Management costs, short lease terms and a perceived higher exposure to void periods all have an impact on the level of return an investor can expect. In a market dominated by owner occupiers the influence of investors in setting prices or achieving substantial discounts has been limited, with only those looking at buying high numbers of units off plan, or buying into schemes at early stages as ‘pioneers’ being able to negotiate significant reductions. In addition to this small lot sizes available in many locations have made economies of scale hard to achieve, and one can begin to understand the reluctance in the past, by commercial investors, to invest in residential property.
Whilst investors may be enticed into the market by acquiring distressed stock and thereby seeking to replicate any low return, the current historic low interest rates is limiting the amount of stock available to them.

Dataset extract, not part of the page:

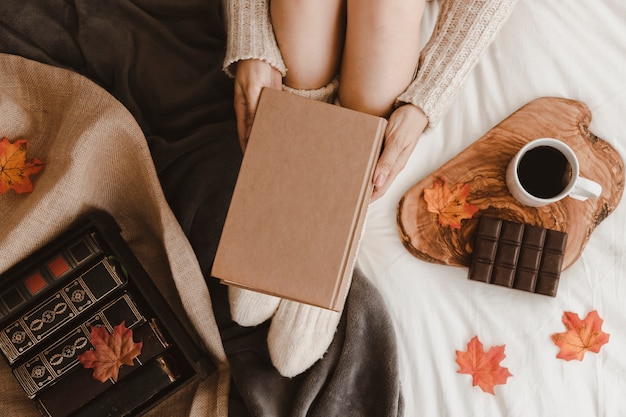 Free photo anonymous woman with book near tea and chocolate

However, for some, the positives outweigh these negatives. The acquisition of a residential investment portfolio not only diversifies risk exposure but, for those who are cash rich, will provide a medium capital return as current housing affordability has been driven upwards due to lack of mortgage finance. For some, ‘build to let’, – the combination of low land costs with market rents which should provide higher income returns to compete with those of commercial property, is a motivator to enter the residential market.
Jane Ingram, Head of Savills Lettings, comments: “Throughout 2008 and into 2009, lettings has proved to be a viable alternative to selling property in these uncertain times. With rents stabilising and interest rates still at an all time low, investment interest in residential lettings remains high.”